Monday, August 28, 2023

Twenty-Nine

Twenty nine years holds a lot. Saturday (the 26th of August), Harold and I celebrated our 29th anniversary. I look back and I cant believe it's been 29 years. Years filled with joy, laughter, good times. But also, sadness, heart ache and hard times. I never want to sugar-coat marriage or life. We can look for (and at) the positive, while still being honest and real. Twenty-nine looks like: growing pains-growing up is hard, whether you do it single or married, living apart for work, infertility plus pregnancy loss, health scares, pregnancy, parenthood (lack of sleep), moves, financial hardships, not always agreeing on the next steps for your family but figuring it out anyways, launching kids-and worrying about them a LOT, growing older and reconciling that and all it means, walking through the deaths of parents and grandparents with each other, welcoming grandbabies... And in the midst of all of that there are the day to day things. Joking, laughing, hard work, frustrations, trips for ice cream, deep talks, not so deep talks... If I sugarcoat this, if I make it sound like it's all sunshine and snuggles, I would do a disservice to others.

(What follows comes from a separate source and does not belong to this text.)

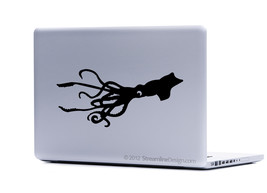 Giant Squid Vinyl Laptop Art - $5.95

This isnt a social media image perfected with filters. Real life is good and bad, happy and sad. I want my kids to know that we love each other and it's not always easy. But it's worth it. That we don't have it perfected but we won't stop trying. That the bad times will pass if you keep choosing to love each other and work at it. We are just two imperfect people choosing to love each other for better or for worse.